Minnesota officials expect costly sex offender program fix

Published 9:37 am Tuesday, August 11, 2015

ST. PAUL — Minnesota Gov. Mark Dayton and state lawmakers emerged from a private meeting with a federal judge on Monday with little consensus on how and even whether to forge ahead with changes to a state program confining sex offenders that the court has deemed unconstitutional.

Joined by more than a dozen Minnesota lawmakers as well as other state officials to discuss the program’s future, Dayton said no decisions were made during the three-hour conference with Judge Donovan Frank. Frank is prodding the state to take action to rework the program, which indefinitely houses more than 700 offenders considered “sexually dangerous” and a threat to reoffend, before he requires action.

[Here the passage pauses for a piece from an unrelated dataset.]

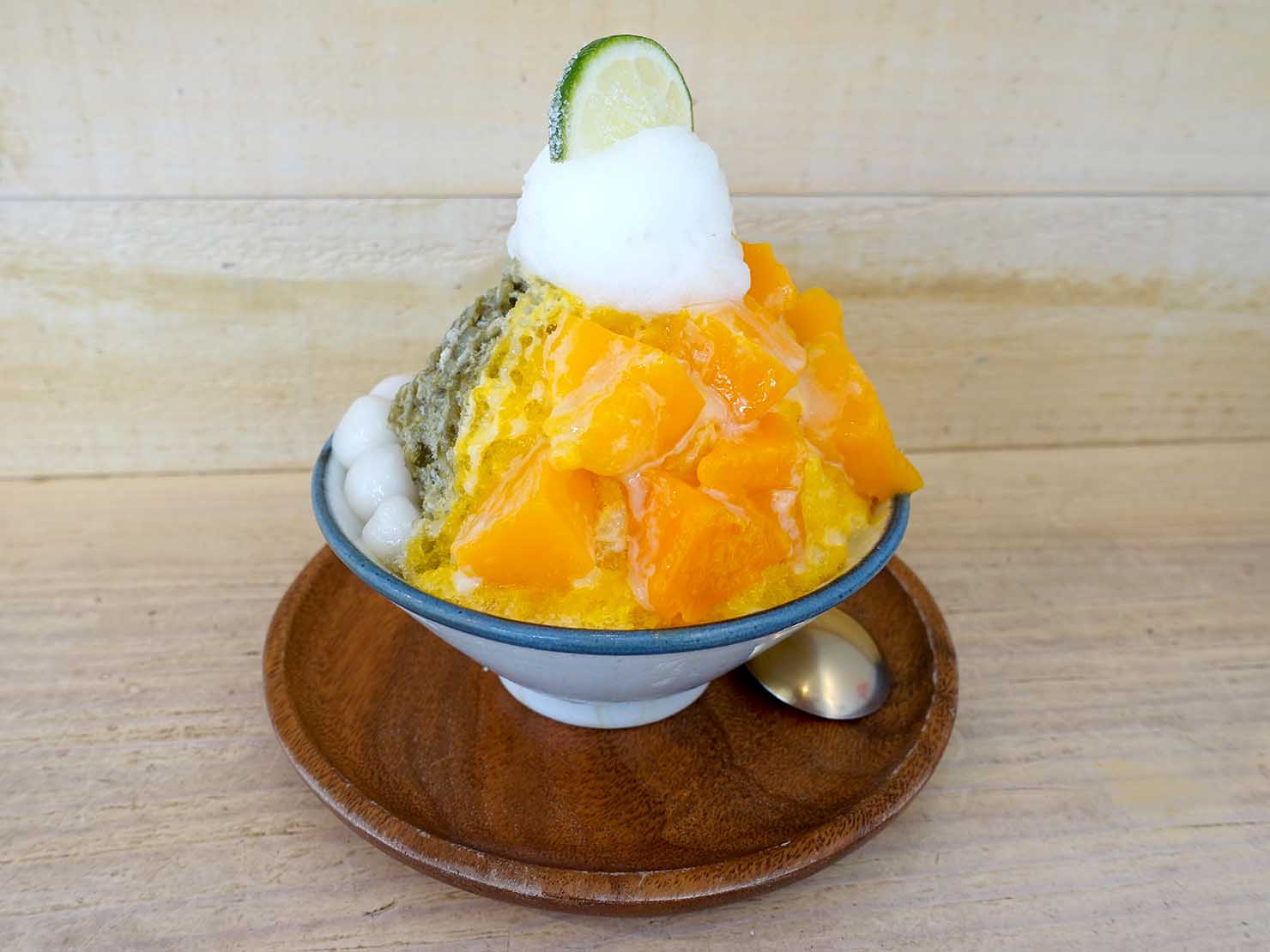 台北のマンゴーかき氷がおいしいおすすめ店「貨室甜品」の四季芒夏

The conference, held in private despite media protests, stems from a class-action lawsuit brought by offenders who have been committed to the program by a court apart from any criminal sanctions.

Email newsletter signup

Dayton said he still believes the program is constitutional and is looking for an avenue to appeal Frank’s June decision after the judge comes out with a directive telling the state what must be done. That order is expected this fall.

“I believe he understands the sensitivity of the matter, the potential for controversy and most importantly the need to protect public safety and security,” Dayton said of the judge, adding that achieving a legislative solution could be difficult given election-year politics that will be in play in 2016.